Concernment

Clock

 


 

Jungguk's POV

 

While I was walking home from another tedious school day, I passed by the multistory building where Yun Hee was remaining in. For a while I caught myself adopting a new habit which included me halting in front of the prestigious building and just staring blankly at the entrance, like a lifeless statue. The strange thing was whenever I wasted my time with freezing, I noted how my mind just went vacuous and not a sole thought was able to disturb me.

 

There was an incident where a woman happened to walk by me, to tread into the building. However before she fully entered, she turned around to ask me if there was an exact person who I was searching for, as she had already caught me rooted at the entrance for a few times. Gotten pulled out of my trance and feeling embarrassed that someone beheld me in my creepy action, I hurriedly returned her question with the statement that I wasn't searching for anyone. Afterwards I swiftly escaped the scene and while running away, I got aware of the fact that now I seemed even more suspicious to ones eyes. I was sure after my getaway, the woman will certainly think that I was a stalker who for everyone's safety, needed to get hauled in jail.

 

However even though I made a fool of myself, I still continued to stop infront of the multistory building. Staring silently through the transparent sliding door and wondering if Yun Hee was at home. I haven't seen her since two weeks and due to that, did I find myself growing unbearably curious about where she had been. 

 

After our break-up I had to admit that I disreputably ignored and ostracized her from my normal life. I don't know what made me act so rudely towards Yun Hee and why I didn't try to interact with her. As after all she was still a really precious person who I loved to spent time with. Therefore it frustrated me to not know the reason behind my cowardly actions.

 

There were various times where I told myself now was the moment for me to gather all my courage and finally approach her. For the sole reason that I wanted to at least exchange a few words with her. However every time I twisted on my heels to dart in her direction, I irritatingly witnessed how my confident packed its suitcase and ran away while leaving me back to inhale his dust.
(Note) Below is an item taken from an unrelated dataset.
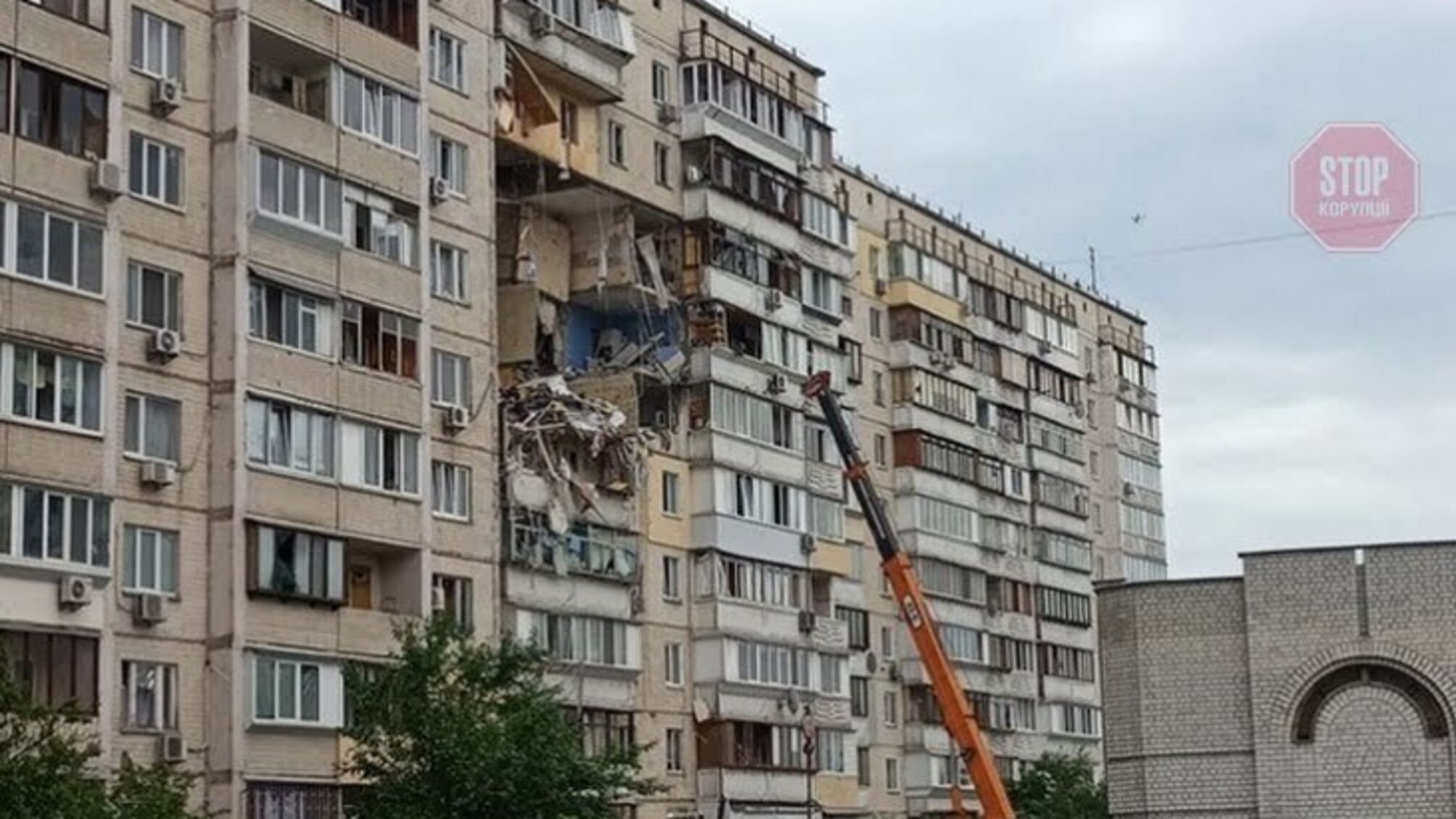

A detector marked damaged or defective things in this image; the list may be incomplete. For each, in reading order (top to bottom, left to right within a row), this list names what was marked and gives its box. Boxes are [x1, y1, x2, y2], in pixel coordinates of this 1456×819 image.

damaged apartment building [495, 1, 1165, 818]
Not having the braveness to move further I always stood rooted to the cold dirty floor while my eyes where only able to behold her lone form that was sitting desolate by the window.

 

Seeing her like that made an appalling pain slice mercilessly through my skin and if I didn't knew better with the desire to cut me bloodily. I hated leaving her all alone without anyone keeping her the deserved company. However even though I despised it so much, I was never able to act against it and add another person near her private space. I was merely able to witness her carrying on her days without anyone killing the time with her.

 

And if it wasn't worse enough last week our teacher told us that she checked out of our school. The second he announced the unpleasing news only shock was able to dominate my system and the skill to breath seemed to have been reset. Though after a few seconds I found additional emotions joining hand with the first one. Feelings like apprehension and anxiety.

 

Not caring that I was acting rude, I immediately shouted at my teacher why she dropped out. However he didn't tell me the reason why she signed out and even when I adamantly begged him to share the cause with me, he still refused vehemently. 

Now not knowing why she dropped out of our school and having the chance of talking to her gotten snatched away, made me drown in guilt. I blamed myself for not taking advantage of the given opportunities that god offered kindly to me, to fix our broken relationship. All this time plenty possibilities revealed itself but every one was destroyed by my wimpy self. Therefore I was dead sure even Lord got tired of my apathetic self and decided to punish me by making everything harder.

 

Daily I continued my life with the additional diverse questions about Yun Hee that that were pestering my mind. Often being left alone and not having anyone disturb me in class, did I caught my mind making up highly diverse scenarios and reasons about her absence. Maybe it was because of me that she didn't want to go to our school anymore as by now she hated me to the extend that only seeing me appalled her. Or maybe she still couldn't deal with our break-up and was mentally unstable. 

 

Thoughts like that were accompanying me whenever the chance constituted and even when my friends were talking to me, did I find my mind drifting to another universe far to often. The only person who was truly aware of me spacing out all the time, was J-Hope. He being the curious person, obviously questioned me when we were alone. Not being able to bear all the paining thoughts any longer, I heedlessly spilled them to him.

 

After listening patiently to my rapid rambling he ran me over with a perception that until now never materialized infront of my clouded eyes. He suggested me that maybe I mistook my newly developed affection towards Hara as love when in reality it was just a normal like. As if I really love her then I wouldn't keep pounding over Yun Hee invariably.
What J-Hope told me did make sense and I thought hard about it until I came to the result that he was most definitely right. But me being too afraid of that possible reality, just hurriedly shifted to a new topic so J-Hope would stop trying to present me the cruel truth. While steering away I noted how I faintheartedly stored the discovery in the far back of my mind.

 

Though talking to J-Hope did help me find peace for a short moment, I unfortunately realized that the second I lied on my bed, I started to worry about Yun Hee once again. Frustratingly as it seemed I couldn't get her out of my mind.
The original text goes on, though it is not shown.